# Bonnie update



## DKDREAM (Sep 15, 2008)

Well Bonnie the 2nd rescue is doing great, she is now spayed and well....... fat  she has gained a lot of weight since coming here, she loves other ferrets and after another couple of weeks she will be bonded with some new friends, she becomes so happy when she plays with other ferrets. Anyway enough of the talking....... Pictures you say?


----------



## thedogsmother (Aug 28, 2008)

She's just adorable, her face us so much more relaxed these days, are you sure you haven't switched ferrets?


----------



## DKDREAM (Sep 15, 2008)

thedogsmother said:


> She's just adorable, her face us so much more relaxed these days, are you sure you haven't switched ferrets?

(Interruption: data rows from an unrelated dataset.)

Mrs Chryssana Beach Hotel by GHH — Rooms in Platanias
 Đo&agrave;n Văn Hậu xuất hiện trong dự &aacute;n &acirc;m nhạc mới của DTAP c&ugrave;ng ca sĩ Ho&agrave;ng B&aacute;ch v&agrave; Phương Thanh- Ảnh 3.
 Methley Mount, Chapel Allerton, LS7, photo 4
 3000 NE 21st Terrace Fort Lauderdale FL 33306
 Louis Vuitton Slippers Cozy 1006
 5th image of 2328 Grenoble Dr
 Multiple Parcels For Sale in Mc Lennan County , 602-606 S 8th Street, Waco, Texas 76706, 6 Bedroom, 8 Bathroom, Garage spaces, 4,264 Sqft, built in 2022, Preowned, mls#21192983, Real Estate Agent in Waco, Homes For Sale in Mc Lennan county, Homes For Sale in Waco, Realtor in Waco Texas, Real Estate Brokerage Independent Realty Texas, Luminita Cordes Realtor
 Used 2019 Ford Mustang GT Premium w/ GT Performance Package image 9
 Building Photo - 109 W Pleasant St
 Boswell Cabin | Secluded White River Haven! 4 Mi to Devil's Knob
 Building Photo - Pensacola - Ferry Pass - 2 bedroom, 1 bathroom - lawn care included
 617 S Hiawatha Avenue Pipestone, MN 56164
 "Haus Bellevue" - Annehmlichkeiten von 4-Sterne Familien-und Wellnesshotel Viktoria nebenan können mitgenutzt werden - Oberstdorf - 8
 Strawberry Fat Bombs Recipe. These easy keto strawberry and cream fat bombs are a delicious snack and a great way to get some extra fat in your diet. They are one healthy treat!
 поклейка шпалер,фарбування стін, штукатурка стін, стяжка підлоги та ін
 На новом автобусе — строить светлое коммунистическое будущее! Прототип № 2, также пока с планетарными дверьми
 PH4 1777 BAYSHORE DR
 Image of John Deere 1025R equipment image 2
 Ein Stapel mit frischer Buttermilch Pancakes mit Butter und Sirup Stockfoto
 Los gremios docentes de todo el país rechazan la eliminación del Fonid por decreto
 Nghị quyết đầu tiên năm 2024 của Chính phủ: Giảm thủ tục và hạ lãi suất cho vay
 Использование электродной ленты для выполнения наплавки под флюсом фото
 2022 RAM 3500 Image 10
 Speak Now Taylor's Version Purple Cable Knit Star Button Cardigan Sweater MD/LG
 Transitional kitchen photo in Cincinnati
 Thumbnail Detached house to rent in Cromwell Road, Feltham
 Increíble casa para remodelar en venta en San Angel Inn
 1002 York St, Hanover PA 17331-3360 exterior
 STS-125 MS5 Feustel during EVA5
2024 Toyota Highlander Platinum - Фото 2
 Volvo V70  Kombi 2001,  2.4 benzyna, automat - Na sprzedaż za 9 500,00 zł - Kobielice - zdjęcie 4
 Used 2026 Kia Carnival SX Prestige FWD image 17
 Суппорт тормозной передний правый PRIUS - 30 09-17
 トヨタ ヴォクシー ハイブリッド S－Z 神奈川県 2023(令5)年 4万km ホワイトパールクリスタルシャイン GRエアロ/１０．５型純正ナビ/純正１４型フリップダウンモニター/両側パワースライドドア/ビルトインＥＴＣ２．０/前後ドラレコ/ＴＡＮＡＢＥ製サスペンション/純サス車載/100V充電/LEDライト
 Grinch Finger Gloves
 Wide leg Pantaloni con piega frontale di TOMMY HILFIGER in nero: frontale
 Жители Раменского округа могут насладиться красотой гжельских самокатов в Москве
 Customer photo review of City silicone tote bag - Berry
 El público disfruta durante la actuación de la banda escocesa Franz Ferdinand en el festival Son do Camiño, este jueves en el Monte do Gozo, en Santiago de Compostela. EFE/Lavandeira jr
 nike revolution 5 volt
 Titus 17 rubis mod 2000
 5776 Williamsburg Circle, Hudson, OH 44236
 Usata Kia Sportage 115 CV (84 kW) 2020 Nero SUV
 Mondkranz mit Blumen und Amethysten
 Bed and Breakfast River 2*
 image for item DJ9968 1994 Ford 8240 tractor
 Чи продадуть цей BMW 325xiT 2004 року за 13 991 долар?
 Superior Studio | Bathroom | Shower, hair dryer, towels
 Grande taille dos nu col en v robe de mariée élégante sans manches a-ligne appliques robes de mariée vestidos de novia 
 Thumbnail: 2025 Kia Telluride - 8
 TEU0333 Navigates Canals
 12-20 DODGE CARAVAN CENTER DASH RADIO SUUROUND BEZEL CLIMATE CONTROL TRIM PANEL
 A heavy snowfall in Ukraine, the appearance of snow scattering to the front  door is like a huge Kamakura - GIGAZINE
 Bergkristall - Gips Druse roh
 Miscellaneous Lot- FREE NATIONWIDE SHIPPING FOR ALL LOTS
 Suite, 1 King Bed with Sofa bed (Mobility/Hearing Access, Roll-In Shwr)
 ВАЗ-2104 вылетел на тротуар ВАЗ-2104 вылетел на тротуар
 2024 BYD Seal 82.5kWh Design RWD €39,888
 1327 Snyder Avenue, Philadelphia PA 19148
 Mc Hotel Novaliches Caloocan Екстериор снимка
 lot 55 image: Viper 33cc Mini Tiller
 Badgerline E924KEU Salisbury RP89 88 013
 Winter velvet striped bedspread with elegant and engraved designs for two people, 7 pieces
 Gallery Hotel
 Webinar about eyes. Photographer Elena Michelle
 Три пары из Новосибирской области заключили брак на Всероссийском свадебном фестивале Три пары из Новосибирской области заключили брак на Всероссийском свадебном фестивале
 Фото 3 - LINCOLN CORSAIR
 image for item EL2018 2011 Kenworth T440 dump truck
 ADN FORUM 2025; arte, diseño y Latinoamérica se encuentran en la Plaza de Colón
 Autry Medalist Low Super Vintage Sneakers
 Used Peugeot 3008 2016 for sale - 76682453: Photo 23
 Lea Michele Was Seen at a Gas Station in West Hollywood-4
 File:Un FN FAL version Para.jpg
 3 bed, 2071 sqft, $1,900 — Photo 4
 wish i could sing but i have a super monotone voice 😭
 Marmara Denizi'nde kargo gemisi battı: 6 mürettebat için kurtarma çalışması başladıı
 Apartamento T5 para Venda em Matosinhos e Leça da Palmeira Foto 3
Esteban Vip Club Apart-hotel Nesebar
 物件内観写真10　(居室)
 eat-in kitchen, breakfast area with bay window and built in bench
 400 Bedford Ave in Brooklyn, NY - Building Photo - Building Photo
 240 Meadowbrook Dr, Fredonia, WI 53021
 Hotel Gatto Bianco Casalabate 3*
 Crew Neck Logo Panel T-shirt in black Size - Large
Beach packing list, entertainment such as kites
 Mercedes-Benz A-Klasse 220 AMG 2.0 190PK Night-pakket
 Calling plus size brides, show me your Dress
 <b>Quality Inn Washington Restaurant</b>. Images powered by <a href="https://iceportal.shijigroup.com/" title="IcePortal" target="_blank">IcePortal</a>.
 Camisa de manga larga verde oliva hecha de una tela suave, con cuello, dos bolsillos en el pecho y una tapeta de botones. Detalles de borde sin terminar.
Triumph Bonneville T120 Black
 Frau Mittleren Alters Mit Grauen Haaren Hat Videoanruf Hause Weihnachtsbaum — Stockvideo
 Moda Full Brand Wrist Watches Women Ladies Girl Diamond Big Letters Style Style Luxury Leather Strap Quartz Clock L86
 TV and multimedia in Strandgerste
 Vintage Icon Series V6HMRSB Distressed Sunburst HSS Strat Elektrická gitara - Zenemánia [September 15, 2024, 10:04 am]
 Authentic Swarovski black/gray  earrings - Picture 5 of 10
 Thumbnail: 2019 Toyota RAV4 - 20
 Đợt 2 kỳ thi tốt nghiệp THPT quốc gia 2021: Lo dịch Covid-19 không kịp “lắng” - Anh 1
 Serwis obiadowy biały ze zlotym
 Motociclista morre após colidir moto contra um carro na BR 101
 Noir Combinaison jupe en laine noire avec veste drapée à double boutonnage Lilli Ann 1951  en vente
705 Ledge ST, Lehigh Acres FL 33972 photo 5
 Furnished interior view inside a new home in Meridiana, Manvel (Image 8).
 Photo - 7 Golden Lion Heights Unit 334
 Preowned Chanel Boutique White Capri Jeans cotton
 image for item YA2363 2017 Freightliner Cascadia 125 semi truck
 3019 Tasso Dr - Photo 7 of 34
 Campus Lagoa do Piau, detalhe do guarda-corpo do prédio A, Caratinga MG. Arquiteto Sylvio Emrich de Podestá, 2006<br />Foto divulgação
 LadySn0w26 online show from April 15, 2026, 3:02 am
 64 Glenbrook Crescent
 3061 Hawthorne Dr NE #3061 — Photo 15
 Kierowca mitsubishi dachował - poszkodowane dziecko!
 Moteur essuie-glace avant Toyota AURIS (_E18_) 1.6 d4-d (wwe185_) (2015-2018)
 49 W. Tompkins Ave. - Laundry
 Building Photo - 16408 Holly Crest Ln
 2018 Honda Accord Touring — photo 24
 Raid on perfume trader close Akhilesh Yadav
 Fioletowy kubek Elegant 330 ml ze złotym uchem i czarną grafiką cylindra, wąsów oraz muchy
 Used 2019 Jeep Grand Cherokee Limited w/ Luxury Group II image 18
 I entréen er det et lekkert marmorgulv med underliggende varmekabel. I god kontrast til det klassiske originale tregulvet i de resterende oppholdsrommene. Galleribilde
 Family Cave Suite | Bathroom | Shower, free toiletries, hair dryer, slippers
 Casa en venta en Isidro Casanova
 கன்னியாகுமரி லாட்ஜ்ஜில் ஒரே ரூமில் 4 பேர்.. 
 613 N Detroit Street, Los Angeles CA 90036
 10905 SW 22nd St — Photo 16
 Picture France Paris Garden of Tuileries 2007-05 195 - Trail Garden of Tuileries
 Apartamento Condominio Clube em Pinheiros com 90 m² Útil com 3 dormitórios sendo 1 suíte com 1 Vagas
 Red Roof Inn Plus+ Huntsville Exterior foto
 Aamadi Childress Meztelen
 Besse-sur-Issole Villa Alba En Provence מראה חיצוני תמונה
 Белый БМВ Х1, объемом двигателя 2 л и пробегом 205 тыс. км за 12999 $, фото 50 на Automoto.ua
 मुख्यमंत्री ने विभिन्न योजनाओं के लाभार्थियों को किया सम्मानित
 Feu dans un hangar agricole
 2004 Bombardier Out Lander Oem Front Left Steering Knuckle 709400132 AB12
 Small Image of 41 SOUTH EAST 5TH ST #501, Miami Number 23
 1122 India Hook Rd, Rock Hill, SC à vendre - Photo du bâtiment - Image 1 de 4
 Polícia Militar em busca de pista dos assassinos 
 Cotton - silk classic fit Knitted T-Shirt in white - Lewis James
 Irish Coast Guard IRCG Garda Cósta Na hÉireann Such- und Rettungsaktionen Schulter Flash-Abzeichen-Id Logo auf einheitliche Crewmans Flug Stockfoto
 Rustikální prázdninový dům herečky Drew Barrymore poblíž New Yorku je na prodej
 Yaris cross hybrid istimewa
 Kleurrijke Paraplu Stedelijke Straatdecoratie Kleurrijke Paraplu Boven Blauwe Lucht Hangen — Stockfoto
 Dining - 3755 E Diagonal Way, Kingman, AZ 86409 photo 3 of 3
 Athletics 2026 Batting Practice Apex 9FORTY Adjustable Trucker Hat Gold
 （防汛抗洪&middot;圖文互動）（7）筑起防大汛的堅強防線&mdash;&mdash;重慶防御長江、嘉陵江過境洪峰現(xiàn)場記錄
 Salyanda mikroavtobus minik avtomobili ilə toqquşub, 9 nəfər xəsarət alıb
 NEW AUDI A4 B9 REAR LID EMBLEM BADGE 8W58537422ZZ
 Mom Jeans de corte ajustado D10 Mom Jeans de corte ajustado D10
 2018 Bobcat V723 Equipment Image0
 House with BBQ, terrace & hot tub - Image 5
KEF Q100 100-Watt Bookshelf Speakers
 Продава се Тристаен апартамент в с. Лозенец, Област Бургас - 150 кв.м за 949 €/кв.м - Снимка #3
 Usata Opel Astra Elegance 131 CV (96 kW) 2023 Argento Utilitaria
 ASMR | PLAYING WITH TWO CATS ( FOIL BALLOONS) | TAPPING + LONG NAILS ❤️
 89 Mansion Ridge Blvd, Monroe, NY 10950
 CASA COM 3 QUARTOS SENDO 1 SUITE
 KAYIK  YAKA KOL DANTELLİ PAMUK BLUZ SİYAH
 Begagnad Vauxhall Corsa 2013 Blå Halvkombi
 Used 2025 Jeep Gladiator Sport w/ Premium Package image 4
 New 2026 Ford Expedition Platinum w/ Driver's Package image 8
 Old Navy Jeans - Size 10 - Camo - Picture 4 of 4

im sure  its probably all the food she gets. lol


----------



## lobus (Aug 28, 2012)

Glad to hear Bonnie is doing well


----------



## DKDREAM (Sep 15, 2008)

Here are a few snaps of little bonnie today


----------



## thedogsmother (Aug 28, 2008)

She's looking so well, like a completely different ferret to the one who landed on your doorstep, you should be very proud of what you've done for her


----------



## DKDREAM (Sep 15, 2008)

and more ....................


----------



## DKDREAM (Sep 15, 2008)

and.................


----------



## Snuggles uk (Jan 1, 2014)

OMG what a little darling, her face looks like a heart shape :001_wub:


----------



## DKDREAM (Sep 15, 2008)

Snuggles uk said:


> OMG what a little darling, her face looks like a heart shape :001_wub:


it does now you mention it, she was the rescue I told you about, she is sooo kissy too now and loves her food.


----------